PROBLEM TO SOLVE
All pictures are to be dropped, and the remaining data set down exactly.

DATASET EXCERPT
- - - -
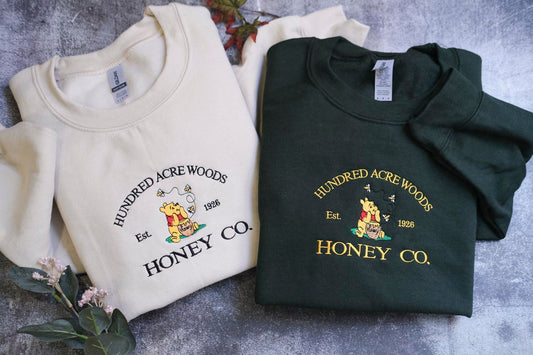 two t-shirts with the same design, laid out on a surface.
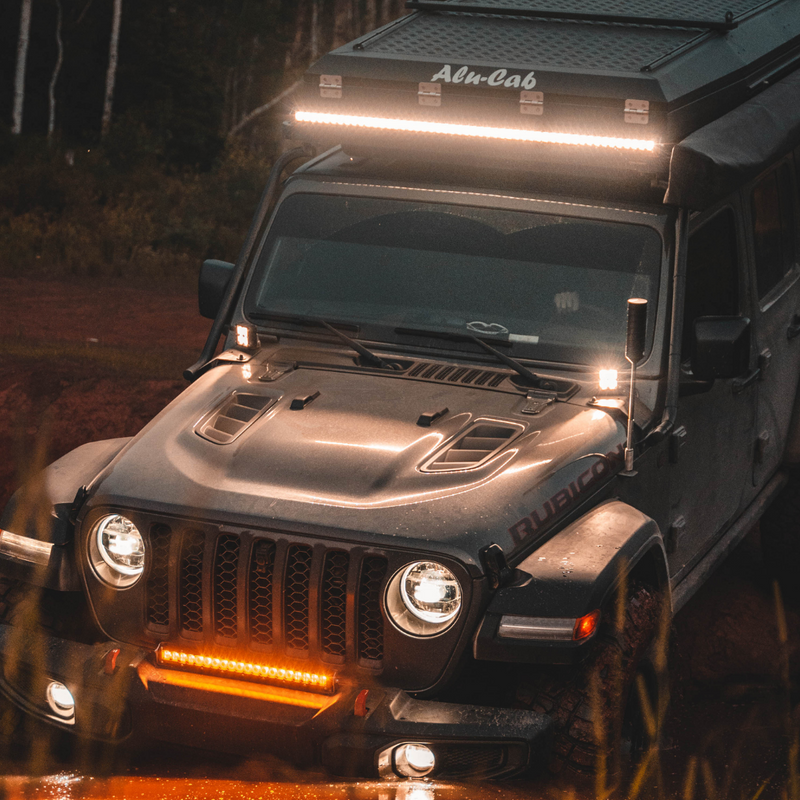 Load image into Gallery viewer, quattro led lights mounted on a jeep as a ditch light
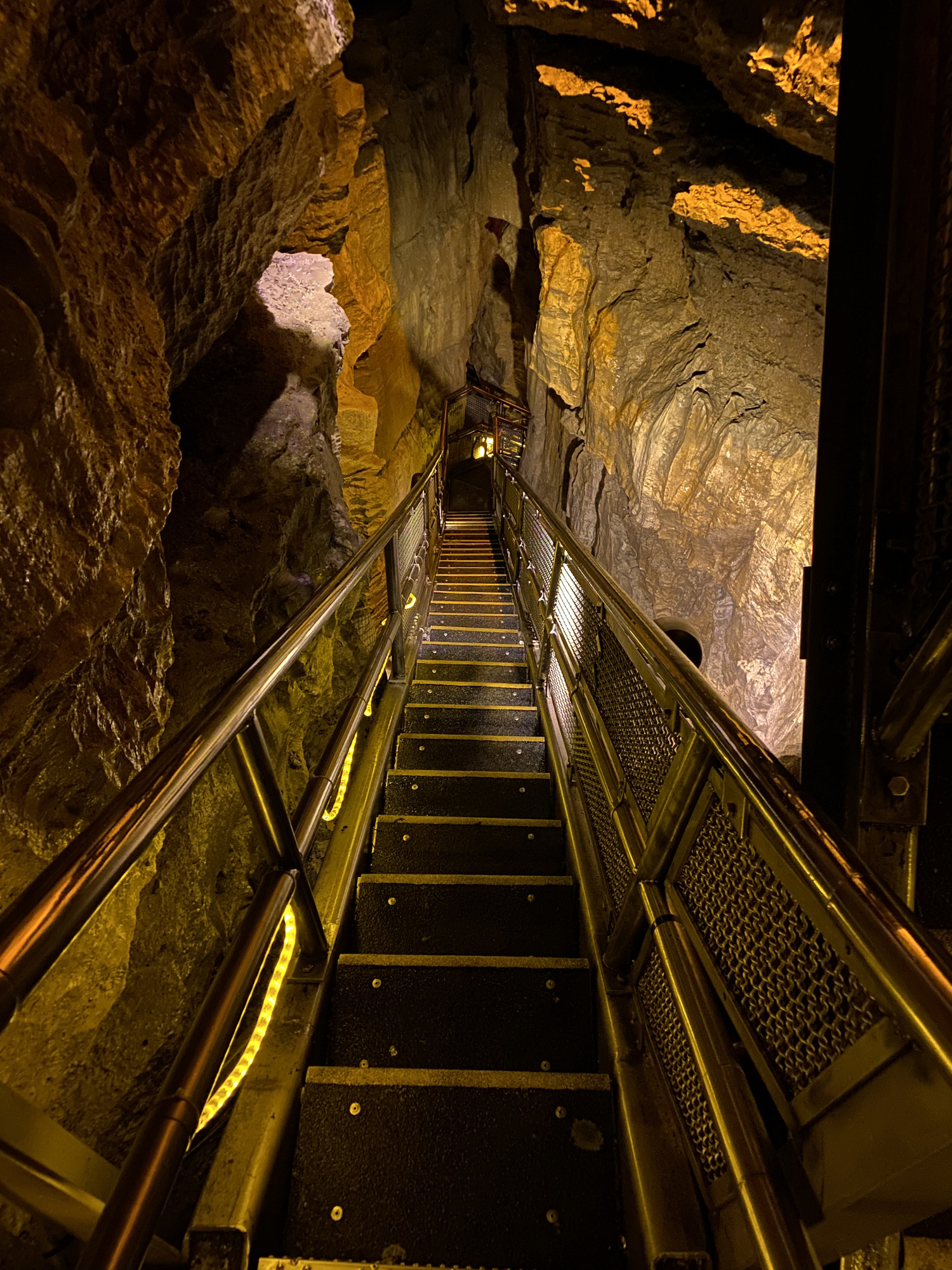 A large metal staircase travels down in the cave.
- - - -
EXERCISE SOLUTION
 two t-shirts with the same design, laid out on a surface.
 Load image into Gallery viewer, quattro led lights mounted on a jeep as a ditch light
 A large metal staircase travels down in the cave.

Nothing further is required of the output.